» What you have to do: Return, with both end lines included, exactly what the data below holds from the line with "CNL2 ADC 952" through the line with "EATON/Moeller 187039 M30C-FR2K2-BLANK Device", though not the pictures.

» Record set:
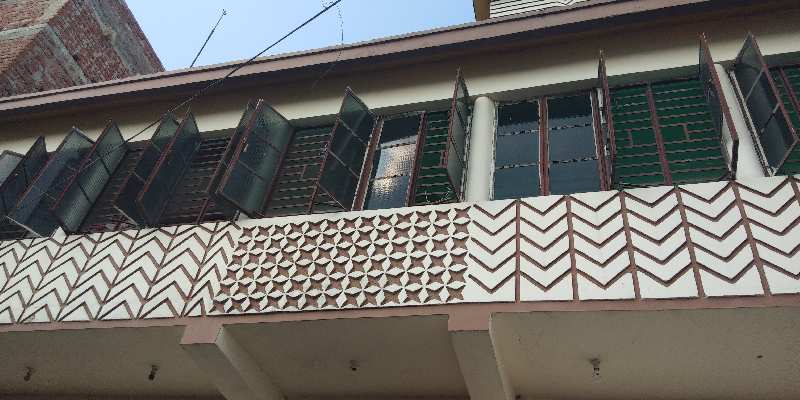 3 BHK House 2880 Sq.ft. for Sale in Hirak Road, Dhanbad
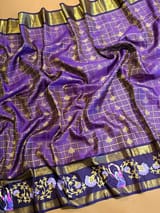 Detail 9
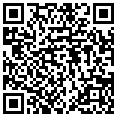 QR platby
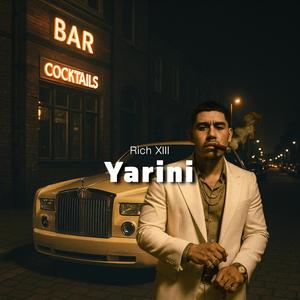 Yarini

--

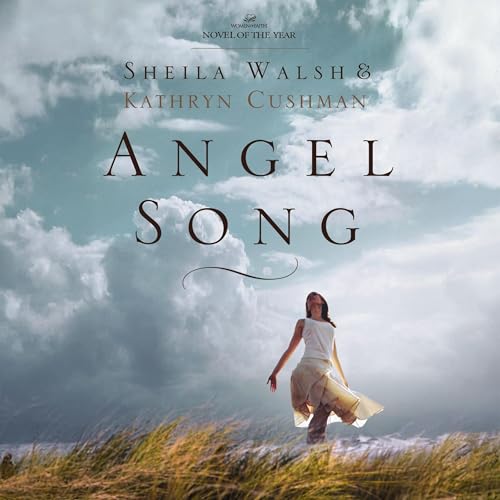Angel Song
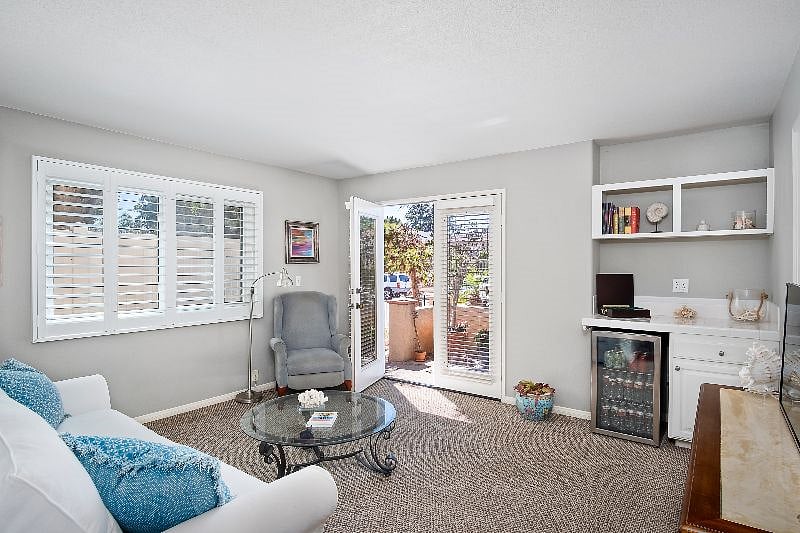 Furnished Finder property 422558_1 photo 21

--

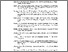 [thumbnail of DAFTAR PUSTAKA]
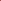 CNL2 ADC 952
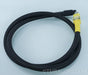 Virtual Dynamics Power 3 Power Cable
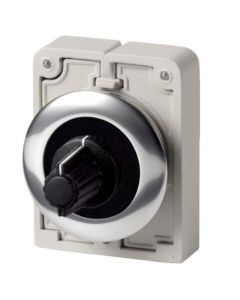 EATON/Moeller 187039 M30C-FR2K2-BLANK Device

» Result of the task:
 CNL2 ADC 952
 Virtual Dynamics Power 3 Power Cable
 EATON/Moeller 187039 M30C-FR2K2-BLANK Device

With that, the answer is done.